#### Goal of the exercise
From the line with "miliband with saudi" to the line with "Woman on phone", retype every line exactly, including those two, and leave out the rest of the data below.

BEGIN

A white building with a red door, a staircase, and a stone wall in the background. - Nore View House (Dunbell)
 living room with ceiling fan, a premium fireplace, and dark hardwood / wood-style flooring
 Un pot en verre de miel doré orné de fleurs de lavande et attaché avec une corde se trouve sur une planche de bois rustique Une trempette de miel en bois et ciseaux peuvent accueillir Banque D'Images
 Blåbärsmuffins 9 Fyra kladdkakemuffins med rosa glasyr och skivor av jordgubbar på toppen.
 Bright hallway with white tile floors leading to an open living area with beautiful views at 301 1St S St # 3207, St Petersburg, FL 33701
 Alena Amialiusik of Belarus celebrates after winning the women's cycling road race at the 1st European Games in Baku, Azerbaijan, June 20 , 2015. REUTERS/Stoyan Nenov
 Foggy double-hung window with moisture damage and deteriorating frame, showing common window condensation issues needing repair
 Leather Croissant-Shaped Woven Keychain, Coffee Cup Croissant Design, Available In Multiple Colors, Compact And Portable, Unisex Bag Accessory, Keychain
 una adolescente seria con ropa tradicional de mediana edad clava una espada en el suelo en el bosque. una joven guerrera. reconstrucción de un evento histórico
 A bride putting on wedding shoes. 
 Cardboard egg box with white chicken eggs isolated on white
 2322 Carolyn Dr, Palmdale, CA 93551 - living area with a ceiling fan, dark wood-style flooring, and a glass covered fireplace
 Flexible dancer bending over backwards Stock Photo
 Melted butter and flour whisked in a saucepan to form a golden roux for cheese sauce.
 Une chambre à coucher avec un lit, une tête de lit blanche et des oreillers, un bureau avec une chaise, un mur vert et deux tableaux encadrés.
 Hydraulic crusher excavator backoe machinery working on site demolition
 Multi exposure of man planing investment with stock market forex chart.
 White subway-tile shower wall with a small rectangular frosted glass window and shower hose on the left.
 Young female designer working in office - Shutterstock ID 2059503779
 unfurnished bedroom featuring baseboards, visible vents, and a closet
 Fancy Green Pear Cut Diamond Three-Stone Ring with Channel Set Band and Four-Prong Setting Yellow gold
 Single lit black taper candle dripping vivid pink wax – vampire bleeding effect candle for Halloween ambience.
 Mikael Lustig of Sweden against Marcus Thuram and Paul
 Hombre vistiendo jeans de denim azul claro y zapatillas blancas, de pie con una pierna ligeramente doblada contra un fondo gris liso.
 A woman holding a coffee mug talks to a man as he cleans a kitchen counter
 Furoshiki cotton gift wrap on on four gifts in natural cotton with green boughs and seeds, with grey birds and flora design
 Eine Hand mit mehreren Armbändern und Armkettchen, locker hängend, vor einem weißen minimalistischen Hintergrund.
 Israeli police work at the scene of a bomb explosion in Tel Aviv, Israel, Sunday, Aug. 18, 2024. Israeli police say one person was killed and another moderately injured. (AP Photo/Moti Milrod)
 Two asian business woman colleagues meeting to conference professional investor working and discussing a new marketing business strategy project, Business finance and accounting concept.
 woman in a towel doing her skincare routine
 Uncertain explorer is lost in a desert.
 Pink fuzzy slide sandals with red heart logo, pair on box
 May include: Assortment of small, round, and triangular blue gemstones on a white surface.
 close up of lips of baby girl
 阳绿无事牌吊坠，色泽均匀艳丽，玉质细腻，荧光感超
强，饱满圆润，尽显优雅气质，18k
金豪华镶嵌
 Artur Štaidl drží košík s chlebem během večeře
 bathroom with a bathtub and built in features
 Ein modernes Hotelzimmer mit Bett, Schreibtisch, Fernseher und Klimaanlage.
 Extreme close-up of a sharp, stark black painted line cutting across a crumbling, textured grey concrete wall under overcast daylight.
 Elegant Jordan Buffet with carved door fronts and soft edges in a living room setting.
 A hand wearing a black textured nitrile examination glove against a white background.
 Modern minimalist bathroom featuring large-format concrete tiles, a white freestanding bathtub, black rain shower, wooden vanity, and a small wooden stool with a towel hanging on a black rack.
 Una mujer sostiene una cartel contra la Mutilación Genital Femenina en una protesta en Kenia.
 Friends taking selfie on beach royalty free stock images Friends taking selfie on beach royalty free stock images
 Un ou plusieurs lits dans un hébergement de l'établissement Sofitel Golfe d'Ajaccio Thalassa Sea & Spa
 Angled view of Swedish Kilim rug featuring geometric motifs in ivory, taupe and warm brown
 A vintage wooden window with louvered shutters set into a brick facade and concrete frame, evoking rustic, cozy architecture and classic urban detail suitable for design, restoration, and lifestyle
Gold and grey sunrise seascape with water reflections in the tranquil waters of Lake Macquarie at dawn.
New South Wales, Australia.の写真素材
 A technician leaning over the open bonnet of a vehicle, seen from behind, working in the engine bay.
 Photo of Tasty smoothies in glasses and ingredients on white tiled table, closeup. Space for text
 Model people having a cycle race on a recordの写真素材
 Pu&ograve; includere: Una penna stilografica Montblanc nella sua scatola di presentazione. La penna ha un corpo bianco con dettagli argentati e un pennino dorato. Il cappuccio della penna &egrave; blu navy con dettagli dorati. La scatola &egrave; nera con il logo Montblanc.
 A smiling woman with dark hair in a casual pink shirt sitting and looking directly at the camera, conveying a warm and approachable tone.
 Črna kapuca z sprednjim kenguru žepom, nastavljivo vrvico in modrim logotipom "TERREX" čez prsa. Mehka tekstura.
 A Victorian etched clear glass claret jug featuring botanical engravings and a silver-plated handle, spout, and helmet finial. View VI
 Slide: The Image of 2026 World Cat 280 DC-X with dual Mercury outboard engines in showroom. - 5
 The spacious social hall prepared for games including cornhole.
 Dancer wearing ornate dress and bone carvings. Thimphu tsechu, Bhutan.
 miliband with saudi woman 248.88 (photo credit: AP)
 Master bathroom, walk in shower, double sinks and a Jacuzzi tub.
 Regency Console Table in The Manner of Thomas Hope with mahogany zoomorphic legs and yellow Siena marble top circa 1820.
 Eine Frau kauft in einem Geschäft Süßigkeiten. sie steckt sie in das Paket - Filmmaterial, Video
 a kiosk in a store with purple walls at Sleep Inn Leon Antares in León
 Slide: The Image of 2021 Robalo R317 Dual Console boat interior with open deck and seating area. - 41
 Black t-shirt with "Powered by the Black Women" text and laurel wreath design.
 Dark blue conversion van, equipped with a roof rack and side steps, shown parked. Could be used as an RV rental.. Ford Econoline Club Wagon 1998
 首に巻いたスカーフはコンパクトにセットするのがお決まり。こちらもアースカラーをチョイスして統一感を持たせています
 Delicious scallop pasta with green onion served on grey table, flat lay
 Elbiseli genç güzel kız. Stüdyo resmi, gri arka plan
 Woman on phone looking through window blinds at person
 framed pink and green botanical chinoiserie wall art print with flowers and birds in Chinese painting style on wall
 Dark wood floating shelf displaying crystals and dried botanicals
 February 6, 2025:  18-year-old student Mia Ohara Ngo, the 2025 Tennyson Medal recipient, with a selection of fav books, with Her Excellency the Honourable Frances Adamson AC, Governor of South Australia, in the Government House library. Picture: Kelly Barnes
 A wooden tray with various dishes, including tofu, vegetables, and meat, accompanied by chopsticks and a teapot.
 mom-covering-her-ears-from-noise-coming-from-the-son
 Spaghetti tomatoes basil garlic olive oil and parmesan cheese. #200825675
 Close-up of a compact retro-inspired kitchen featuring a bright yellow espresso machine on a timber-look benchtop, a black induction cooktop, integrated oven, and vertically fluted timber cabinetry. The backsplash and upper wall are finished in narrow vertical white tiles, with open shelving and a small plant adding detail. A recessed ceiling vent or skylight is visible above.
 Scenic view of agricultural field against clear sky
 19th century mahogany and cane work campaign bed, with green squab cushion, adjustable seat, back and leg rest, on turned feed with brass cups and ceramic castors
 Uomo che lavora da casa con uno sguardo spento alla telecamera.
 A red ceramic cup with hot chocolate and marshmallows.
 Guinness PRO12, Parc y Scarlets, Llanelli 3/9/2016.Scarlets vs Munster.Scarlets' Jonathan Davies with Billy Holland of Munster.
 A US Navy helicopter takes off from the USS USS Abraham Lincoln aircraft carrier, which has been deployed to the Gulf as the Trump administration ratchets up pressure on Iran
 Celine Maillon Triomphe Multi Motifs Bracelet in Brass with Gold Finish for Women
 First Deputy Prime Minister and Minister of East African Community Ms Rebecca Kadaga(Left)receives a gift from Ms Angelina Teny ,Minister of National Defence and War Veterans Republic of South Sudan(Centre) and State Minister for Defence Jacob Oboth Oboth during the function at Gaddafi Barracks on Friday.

END

#### Task output
 miliband with saudi woman 248.88 (photo credit: AP)
 Master bathroom, walk in shower, double sinks and a Jacuzzi tub.
 Regency Console Table in The Manner of Thomas Hope with mahogany zoomorphic legs and yellow Siena marble top circa 1820.
 Eine Frau kauft in einem Geschäft Süßigkeiten. sie steckt sie in das Paket - Filmmaterial, Video
 a kiosk in a store with purple walls at Sleep Inn Leon Antares in León
 Slide: The Image of 2021 Robalo R317 Dual Console boat interior with open deck and seating area. - 41
 Black t-shirt with "Powered by the Black Women" text and laurel wreath design.
 Dark blue conversion van, equipped with a roof rack and side steps, shown parked. Could be used as an RV rental.. Ford Econoline Club Wagon 1998
 首に巻いたスカーフはコンパクトにセットするのがお決まり。こちらもアースカラーをチョイスして統一感を持たせています
 Delicious scallop pasta with green onion served on grey table, flat lay
 Elbiseli genç güzel kız. Stüdyo resmi, gri arka plan
 Woman on phone looking through window blinds at person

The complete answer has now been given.